Yesterday I did a 12 mile run--6 out, 6 back--out on a local trail with my friend Kel and two other people. You know that just the mention of this being a group gave me pit sweats when she asked me to go, but it really turned out to be such a good thing that I sucked it up and got out there. Just two weeks ago I was nervous about running with one other person, and here I was chatting it up (okay, mostly listening) as we floating along and watched the sun rise through smoke-thick clouds that blanketed the sky. The people that we ran with were lovely and the trails were lovely, and I had a wonderful little time. We started at 6:00 and did 12 miles--so I was done before 9:00 AM. Not too shabby.

Our long and winding path yesterday gave me lots of opportunities to test myself: to push through fatigue and my lack of assurance when it comes to how far I think I can run before walking, to challenge myself to meet new people, and to allow myself to dump the frustrations of a difficult week so I can exit the trail renewed. I didn't spend any time thinking about what made me mad at work or what I still needed to do at home in the rest of this weekend, and consequently I was able to find true peace and take a clear breath for the first time in a few days. I'd been writing down all my "to-dos" on my list every day but I was still carrying them around inside of me (to borrow an image from Sandra Cisneros) like coins inside a tin band-aid box. All that jangling meant I couldn't settle. I needed to go out and do something that was beyond myself to silence the noise.

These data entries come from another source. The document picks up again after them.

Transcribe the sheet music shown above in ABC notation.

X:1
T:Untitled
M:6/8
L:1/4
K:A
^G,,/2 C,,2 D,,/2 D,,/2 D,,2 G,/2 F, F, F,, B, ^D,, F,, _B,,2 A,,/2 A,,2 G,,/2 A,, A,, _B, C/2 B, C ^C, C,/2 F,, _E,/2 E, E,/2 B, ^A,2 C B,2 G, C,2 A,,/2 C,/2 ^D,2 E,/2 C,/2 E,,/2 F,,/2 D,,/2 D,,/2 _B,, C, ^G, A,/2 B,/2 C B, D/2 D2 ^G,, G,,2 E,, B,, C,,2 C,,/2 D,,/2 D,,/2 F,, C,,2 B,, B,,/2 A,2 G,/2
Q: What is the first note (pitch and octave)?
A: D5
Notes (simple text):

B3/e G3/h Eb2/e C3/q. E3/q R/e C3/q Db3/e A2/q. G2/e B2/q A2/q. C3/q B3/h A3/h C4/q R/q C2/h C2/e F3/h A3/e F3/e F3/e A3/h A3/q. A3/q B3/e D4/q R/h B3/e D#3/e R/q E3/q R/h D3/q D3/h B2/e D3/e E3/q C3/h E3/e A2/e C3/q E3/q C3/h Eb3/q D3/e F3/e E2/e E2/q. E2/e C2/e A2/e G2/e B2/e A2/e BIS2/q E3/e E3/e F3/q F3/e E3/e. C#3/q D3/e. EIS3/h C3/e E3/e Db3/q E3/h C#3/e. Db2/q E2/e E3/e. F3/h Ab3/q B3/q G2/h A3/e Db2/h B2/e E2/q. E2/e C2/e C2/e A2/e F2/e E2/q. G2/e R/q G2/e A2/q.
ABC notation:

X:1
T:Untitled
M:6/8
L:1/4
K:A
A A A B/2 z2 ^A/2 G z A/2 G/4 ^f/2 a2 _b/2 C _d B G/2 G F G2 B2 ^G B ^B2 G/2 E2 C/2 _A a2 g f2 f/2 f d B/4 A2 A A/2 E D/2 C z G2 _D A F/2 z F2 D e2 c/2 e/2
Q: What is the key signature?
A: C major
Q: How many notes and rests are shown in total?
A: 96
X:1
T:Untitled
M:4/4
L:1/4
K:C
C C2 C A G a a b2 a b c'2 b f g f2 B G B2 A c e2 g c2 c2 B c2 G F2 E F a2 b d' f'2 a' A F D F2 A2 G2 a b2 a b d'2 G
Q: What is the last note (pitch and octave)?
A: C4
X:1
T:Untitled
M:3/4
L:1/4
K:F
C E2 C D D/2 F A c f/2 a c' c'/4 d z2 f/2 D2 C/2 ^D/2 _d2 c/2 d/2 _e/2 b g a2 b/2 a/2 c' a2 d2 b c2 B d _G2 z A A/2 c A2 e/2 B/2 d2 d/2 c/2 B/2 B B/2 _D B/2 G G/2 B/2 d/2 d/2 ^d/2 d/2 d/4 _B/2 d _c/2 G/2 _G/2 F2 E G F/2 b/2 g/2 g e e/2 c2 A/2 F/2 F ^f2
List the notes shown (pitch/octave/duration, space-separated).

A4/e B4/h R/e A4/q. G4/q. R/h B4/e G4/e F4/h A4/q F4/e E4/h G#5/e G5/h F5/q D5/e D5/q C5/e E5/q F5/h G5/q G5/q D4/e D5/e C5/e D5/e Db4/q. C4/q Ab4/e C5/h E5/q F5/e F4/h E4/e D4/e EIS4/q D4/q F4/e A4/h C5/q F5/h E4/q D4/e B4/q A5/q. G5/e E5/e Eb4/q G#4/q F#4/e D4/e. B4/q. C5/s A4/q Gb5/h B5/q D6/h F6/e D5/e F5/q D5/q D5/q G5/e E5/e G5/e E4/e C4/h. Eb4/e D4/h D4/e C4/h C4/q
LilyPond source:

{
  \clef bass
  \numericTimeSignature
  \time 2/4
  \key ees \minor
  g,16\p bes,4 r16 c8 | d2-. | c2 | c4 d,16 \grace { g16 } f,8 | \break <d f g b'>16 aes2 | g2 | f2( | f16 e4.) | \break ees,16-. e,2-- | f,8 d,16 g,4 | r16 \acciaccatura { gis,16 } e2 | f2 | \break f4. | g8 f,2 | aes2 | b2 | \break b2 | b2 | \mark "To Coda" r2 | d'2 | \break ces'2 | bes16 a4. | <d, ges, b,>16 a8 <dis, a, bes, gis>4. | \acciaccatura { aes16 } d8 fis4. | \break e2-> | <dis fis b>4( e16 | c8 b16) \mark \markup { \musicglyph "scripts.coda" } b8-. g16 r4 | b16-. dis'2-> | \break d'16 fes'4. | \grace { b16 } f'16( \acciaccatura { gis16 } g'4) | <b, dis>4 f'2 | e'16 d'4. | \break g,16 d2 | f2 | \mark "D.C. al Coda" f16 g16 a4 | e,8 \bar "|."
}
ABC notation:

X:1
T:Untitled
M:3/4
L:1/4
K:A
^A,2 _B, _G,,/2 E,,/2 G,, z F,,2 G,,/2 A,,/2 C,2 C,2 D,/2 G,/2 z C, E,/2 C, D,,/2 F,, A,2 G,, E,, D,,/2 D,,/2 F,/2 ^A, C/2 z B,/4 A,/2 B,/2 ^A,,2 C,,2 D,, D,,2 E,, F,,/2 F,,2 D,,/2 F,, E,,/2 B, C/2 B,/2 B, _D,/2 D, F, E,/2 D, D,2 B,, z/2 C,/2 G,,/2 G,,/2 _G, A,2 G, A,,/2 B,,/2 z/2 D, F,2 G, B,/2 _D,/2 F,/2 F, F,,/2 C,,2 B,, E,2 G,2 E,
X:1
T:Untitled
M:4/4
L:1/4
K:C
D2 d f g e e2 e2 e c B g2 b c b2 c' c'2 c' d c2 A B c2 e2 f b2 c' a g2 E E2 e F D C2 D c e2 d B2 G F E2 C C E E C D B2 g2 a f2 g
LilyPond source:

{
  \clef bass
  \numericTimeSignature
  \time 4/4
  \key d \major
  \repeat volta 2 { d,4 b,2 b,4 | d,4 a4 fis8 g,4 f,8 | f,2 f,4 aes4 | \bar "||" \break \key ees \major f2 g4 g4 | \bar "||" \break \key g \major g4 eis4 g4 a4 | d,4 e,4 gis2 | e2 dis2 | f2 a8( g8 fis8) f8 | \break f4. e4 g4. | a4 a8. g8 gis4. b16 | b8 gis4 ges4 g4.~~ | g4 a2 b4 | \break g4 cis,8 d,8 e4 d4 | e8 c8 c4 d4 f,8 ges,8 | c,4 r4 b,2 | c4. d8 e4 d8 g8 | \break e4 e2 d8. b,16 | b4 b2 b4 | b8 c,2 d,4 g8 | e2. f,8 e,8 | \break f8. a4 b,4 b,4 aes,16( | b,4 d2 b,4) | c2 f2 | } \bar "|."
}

In this past week I only ran three days, but each day brought a thing to celebrate. Tuesday, that I ran for five miles for the first time in my life without a single walk break. In addition, I had my best overall pace for any distance over 2 on that day. Thursday's run was slower, but a chance to feel proud that on the day after an arduously long day at work, I was able to get out and enjoy the humid night--and still (including several walk breaks) come out on the other side under my traditional average pace. Saturday's long run was the second farthest I've ever gone--the only run farther being last year's Cowtown Half Marathon. It felt better to run that 12 miles yesterday than it did to run 9 a few weeks before, and I am feeling really good today. All things to be happy about.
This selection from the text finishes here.